Patients with high Lp(a) levels but no other significant risk factors can appear to be very healthy, noted Dr. Berman, who led a review of Lp(a)'s role in cardiovascular disease in the September 2019 Current Opinion in Cardiology. Knowing that they have this added risk factor can trigger a discussion about risk-lowering strategies, he said, including stressing the importance of lifestyle modifications. In addition to lipid-lowering therapy, physicians should also more strongly consider aspirin therapy in patients who have elevated Lp(a) levels.

“Elevated Lp(a) could strengthen the argument for prescribing a statin to a patient with overall borderline cardiovascular risk,” he said. “It can also tip the scales to intervene early in patients with a family history of premature atherosclerotic heart disease.”

New treatments on the horizon

Recent studies have uncovered new information about Lp(a)'s role in heart disease, which is helping to inform development of novel therapies. In one study, published in the March 19, 2019, Circulation, investigators looked at associations between Lp(a) levels and first myocardial infarctions in thousands of patients across seven ethnicities.

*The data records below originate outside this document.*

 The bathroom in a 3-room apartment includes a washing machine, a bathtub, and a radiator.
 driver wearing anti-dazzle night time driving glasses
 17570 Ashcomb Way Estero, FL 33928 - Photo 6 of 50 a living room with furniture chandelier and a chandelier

The study confirmed an association between having an Lp(a) level of 50 mg/dL or more and experiencing a first myocardial infarction. Although levels were higher among Africans than other ethnic groups, Lp(a) was found to be a risk factor regardless of ethnicity.

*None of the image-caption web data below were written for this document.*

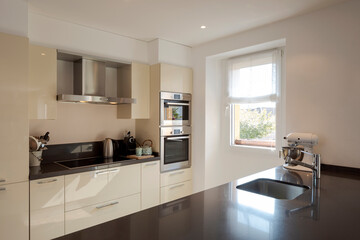 Modern kitchen detail with large dark island with stools. Stainless steel sink.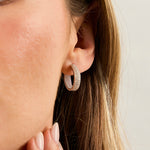 Load image into Gallery viewer, A pair of sterling silver huggie hoop earrings encrusted with cubic zirconia stones-JOOLS by Jenny Brown
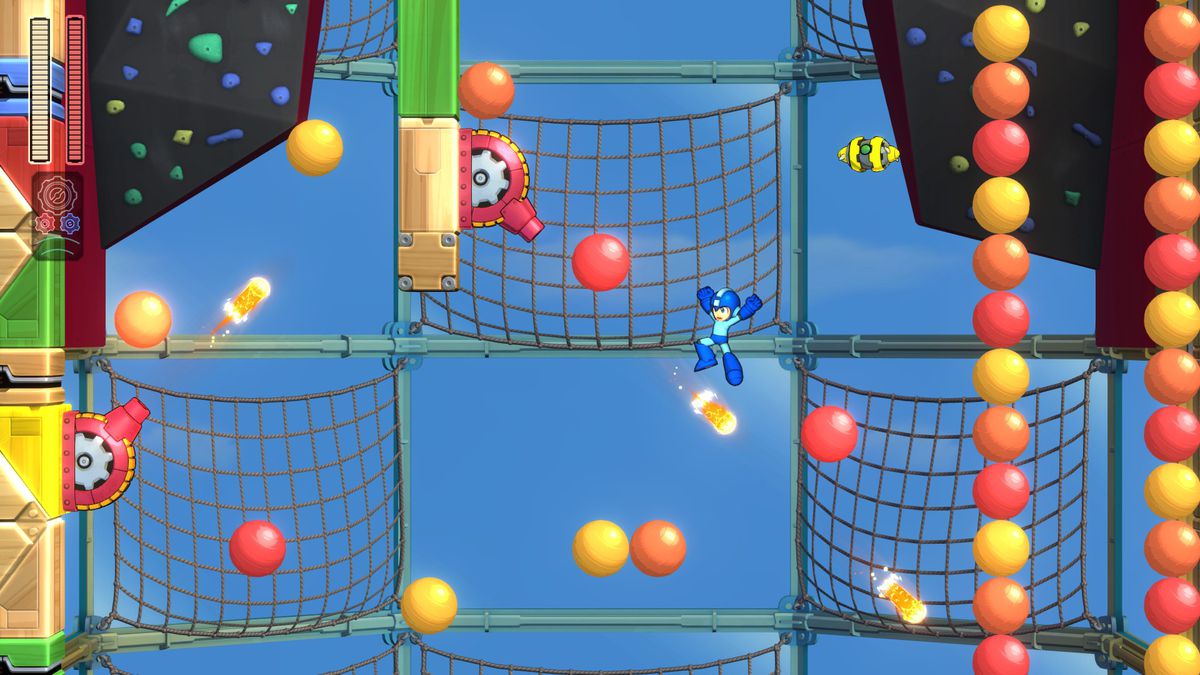Mega Man 11 - Mega Man bounces off a ball to avoid cannon fire in Bounce Man’s stage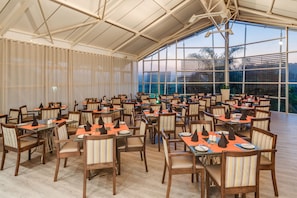 Breakfast, lunch, dinner served; pool views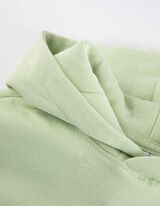 Kapucnis felső - H&aacute;tul nyomtatott minta - vilagos zold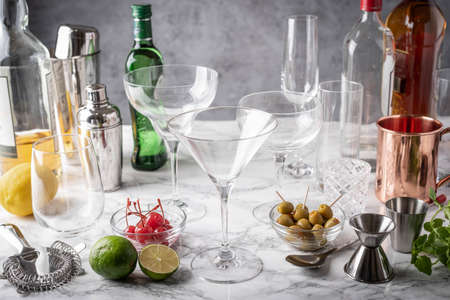 cocktail glasses and utensils on marble tableの写真素材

A second industry-funded study, published in the same issue, pointed to PCSK9 as a potential therapy. The study found that the PCSK9 inhibitor evolocumab, which is known to effectively lower LDL cholesterol levels, significantly reduced Lp(a) levels when combined with statin therapy in patients with higher baseline levels and established atherosclerotic cardiovascular disease.

Antisense agents, which inhibit production of Lp(a), also show promise as future therapies. Results from a phase 2 industry-funded trial of the antisense agent APO(a)-LRx, published in the Jan. 16 New England Journal of Medicine, reported reductions ranging from 35% to 80% in patients with elevated baseline levels of Lp(a) and established cardiovascular disease.

The potential for new therapies to be approved over the next several years is another reason for internists to start taking Lp(a) seriously, said Dr. Sperling.

“Out of the many things we can measure today, Lp(a) is one of the more important cardiovascular risk-enhancing factors for internists to be aware of,” he said. “The evidence supports measuring it in high-risk subgroups and, if we detect it early, we can raise awareness and be more aggressive about heart disease prevention at a younger age.”